- Opening Delimiter -

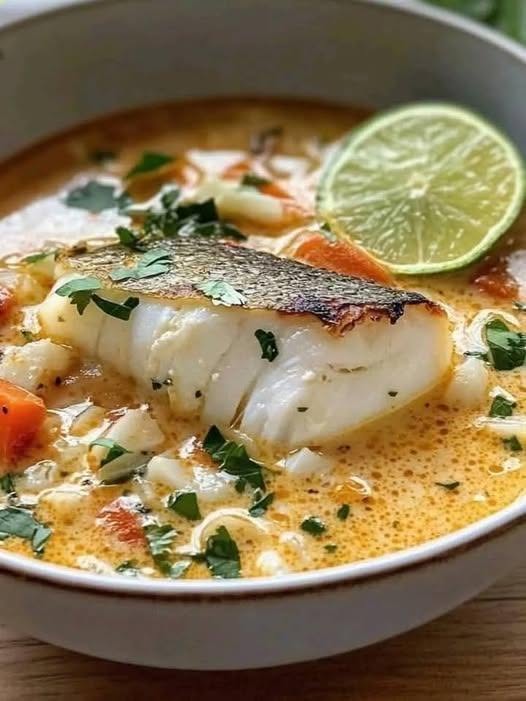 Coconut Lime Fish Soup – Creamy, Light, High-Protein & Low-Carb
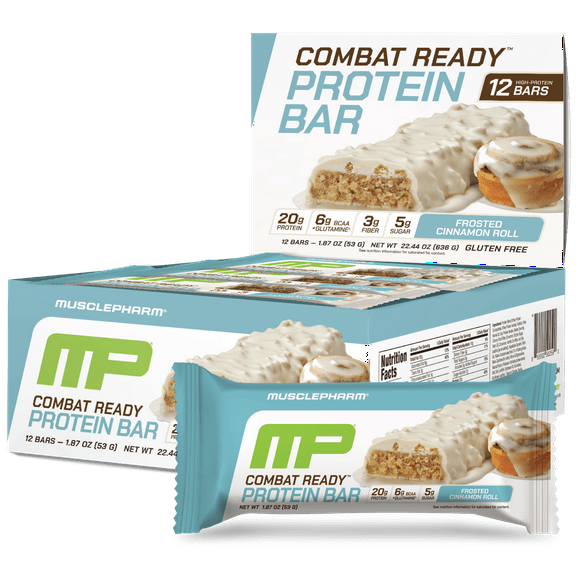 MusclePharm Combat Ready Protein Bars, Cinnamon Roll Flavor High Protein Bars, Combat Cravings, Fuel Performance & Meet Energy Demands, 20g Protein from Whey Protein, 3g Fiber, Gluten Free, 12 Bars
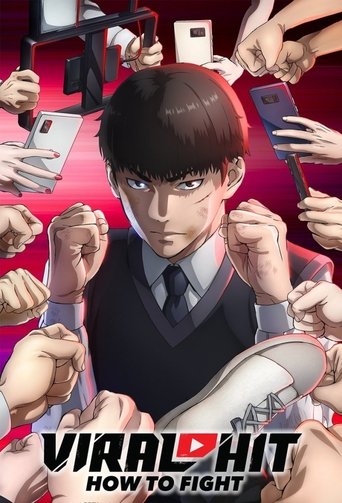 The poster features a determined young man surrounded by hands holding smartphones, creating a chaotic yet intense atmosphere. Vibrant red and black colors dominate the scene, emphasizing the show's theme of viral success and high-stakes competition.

- Closing Delimiter -

** EXERCISE DETAILS **
Copy out every line of the material above exactly, skipping the pictures.

** PROBLEM SOLUTION **
 Coconut Lime Fish Soup – Creamy, Light, High-Protein & Low-Carb
 MusclePharm Combat Ready Protein Bars, Cinnamon Roll Flavor High Protein Bars, Combat Cravings, Fuel Performance & Meet Energy Demands, 20g Protein from Whey Protein, 3g Fiber, Gluten Free, 12 Bars
 The poster features a determined young man surrounded by hands holding smartphones, creating a chaotic yet intense atmosphere. Vibrant red and black colors dominate the scene, emphasizing the show's theme of viral success and high-stakes competition.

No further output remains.